IV. Zoom sur la Cryptozoologie ?

Ce terme fut fondé par le zoologiste Bernard Heuvelmans à la fin des années 1950, à partir des racines grecques kruptos (caché), zôon (animal) et logis (discours). Ainsi la cryptozoologie se définit comme la science des animaux cachés. Les cryptozoologues étudient les animaux encore inconnus de la science et essayent de collecter des preuves tangibles de leur existence, afin de convaincre les plus sceptiques.

 
Mais comment peut-on connaître des animaux inconnus ? Les cryptozoolgues prennent en considération 5 types d'information :

 

- animaux connus par tradition indigène, c'est-à-dire par une "empreinte" dans la mémoire collective.
- animaux connus par témoignage
- animaux connus par interaction avec la matière, c'est-à-dire par une "empreinte" physique (traces de pas, photographies et films, échos sonar.)
- animaux connus par des fragments anatomiques (poils, plumes, dents,.)
- animaux connus par un spécimen complet.

 

A. Le grand serpent de mer

The great sea serpent according to (selon) Hans Egede
Source : Musée Vivant du Roman d'Aventures / Muséum d'Histoire Naturelle de Lausanne
The great sea serpent according to (selon) Hans Egede
Source : Musée Vivant du Roman d'Aventures / Muséum d'Histoire Naturelle de Lausanne

 

 

 

Depuis le Moyen Âge, de nombreux témoignages plus ou moins fiables se sont fait l'écho de l'existence d'un serpent de mer, à tel point que ce terme désigne également dans le langage familier, un sujet à sensation peu crédible, repris périodiquement par les journalistes.
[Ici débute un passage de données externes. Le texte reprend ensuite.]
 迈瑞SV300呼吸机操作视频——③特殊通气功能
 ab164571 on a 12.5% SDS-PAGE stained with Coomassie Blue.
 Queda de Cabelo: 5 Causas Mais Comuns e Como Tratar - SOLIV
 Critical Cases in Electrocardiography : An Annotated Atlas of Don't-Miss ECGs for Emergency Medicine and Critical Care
On retrouve cette créature mythique dans de nombreuses civilisations et à toutes les époques.

 

 

Pour en savoir plus

 

 

B. La "baleine" antarctique à haute dorsale

 

Un cétacé des mers antarctiques, caractérisé par sa haute nageoire dorsale, a été signalé à plusieurs reprises : en 1902 lors de l'expédition en Antarctique du Discovery ; en 1910 et 1911 ; en 1964 au large du Chili.
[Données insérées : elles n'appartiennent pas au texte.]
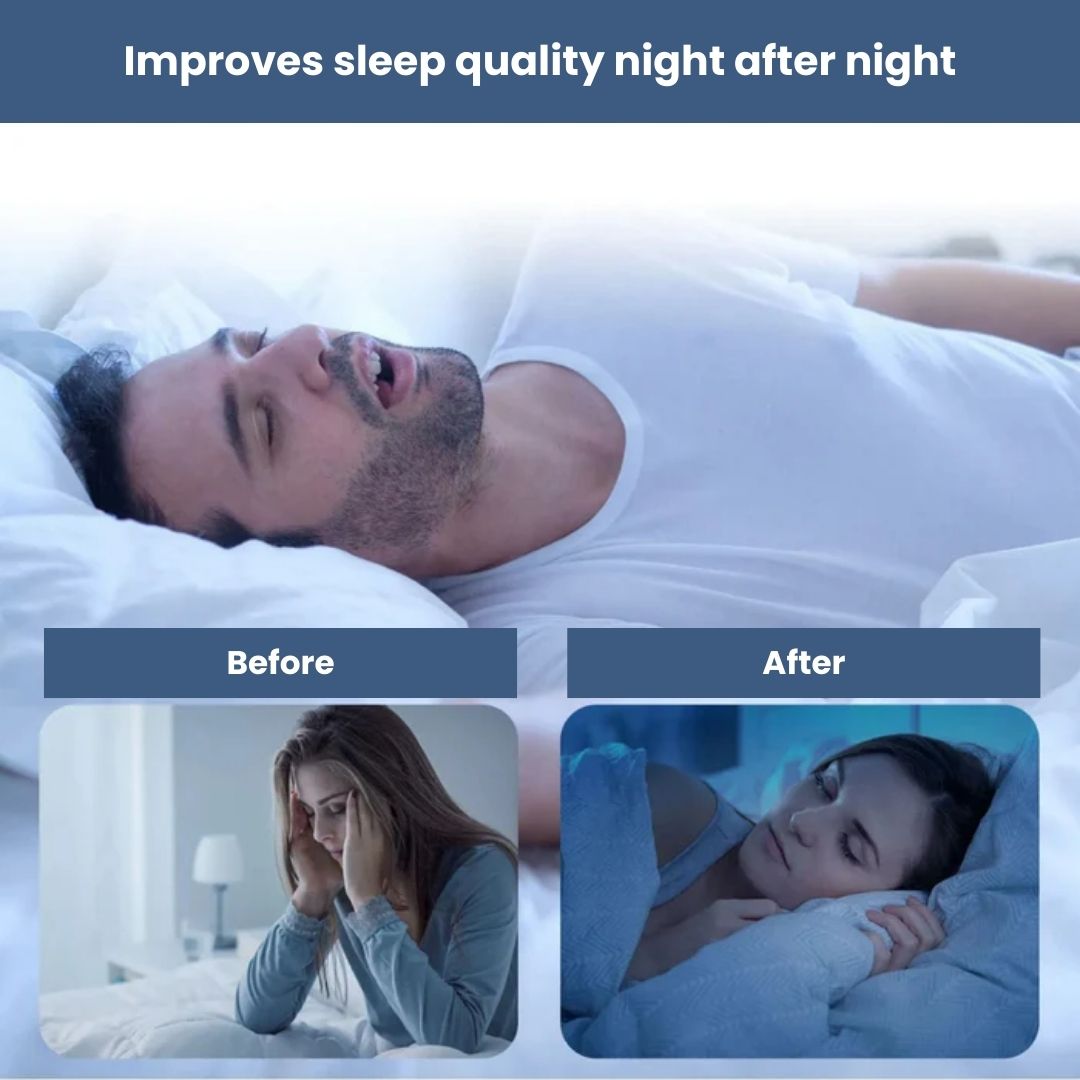 Snore Reducing Mouth Strip for Peaceful Sleep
C. Les cétacés inconnus de Mörzer Bruyns

 

En 1971, Willem Frederick Jacob Mörzer Bruyns, capitaine dans la marine marchande hollandaise, a affirmé avoir observé 4 formes de cétacés apparemment encore inconnues.

 

Il les a provisoirement nommées "baleine d'Alula", "dauphin grec", "dauphin du Sénégal" et "dauphin d'Illigan".

 

D. La "licorne de mer" australe

 

Un cétacé des mers australes, caractérisé par une longue défense d'ivoire, a été observé à plusieurs reprises : en 1620, dans l'Atlantique, au large de l'Afrique ; en 1892, dans le détroit de Bransfield, dans l'océan Antarctique.
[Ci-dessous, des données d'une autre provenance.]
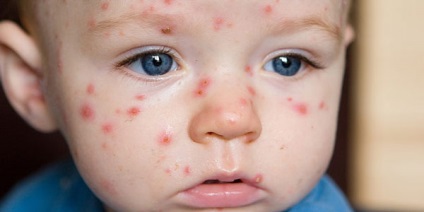 Pimple nu durează mult - pe nas, de la varicela, pete, la copil, urme, pe față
E. La rhytine ou vache de mer ("Hydrodamalis gigas")

 

Découverte en 1741, la rhytine ou vache de mer (Hydrodamalis gigas) a été longuement étudiée par le naturaliste allemand, Georg Wilhelm Steller. Ce mammifère marin, qui passait le plus clair de son temps à brouter des algues, long de 6 à 9 mètres, vivait autour des îles de Bering et du Cuivre, dans le nord Pacifique.


Chassée pour l'excellence de sa chair, de sa graisse et de son lait, la rhytine fut exterminée en quelques années, puisqu'on estime qu'elle est éteinte depuis 1768.

 

Mais cette espèce a fait l'objet d'observations ultérieures. Ainsi, en 1926, l'océanographe norvégien Harald Ulrik Sverdrup rapporte, dans le récit de ses expéditions dans les mers arctiques, les propos d'un russe évoquant la présence de la rhytine.


F. Le "singe marin" de Steller

 

En 1741, Georg Wilhelm Steller, observe au large des îles Shumagin un étrange animal mesurant environ 1,50m de longueur et ressemblant à un phoque sans membres antérieurs.

 

G. Les requins blancs géants


Des requins ressemblant au requin blanc (Carcharodon carcharias), mais de taille nettement supérieure aux 6 à 9 mètres sont signalés dans les divers océans.

 

 

Aujourd'hui, c'est encore dans ce domaine de l'inexploré que les auteurs de science-fiction trouvent leur inspiration. Calmars géants, serpents de mer, . rien n'est impossible et rien ne dit que certains mythes ne deviendront pas un jour réalité.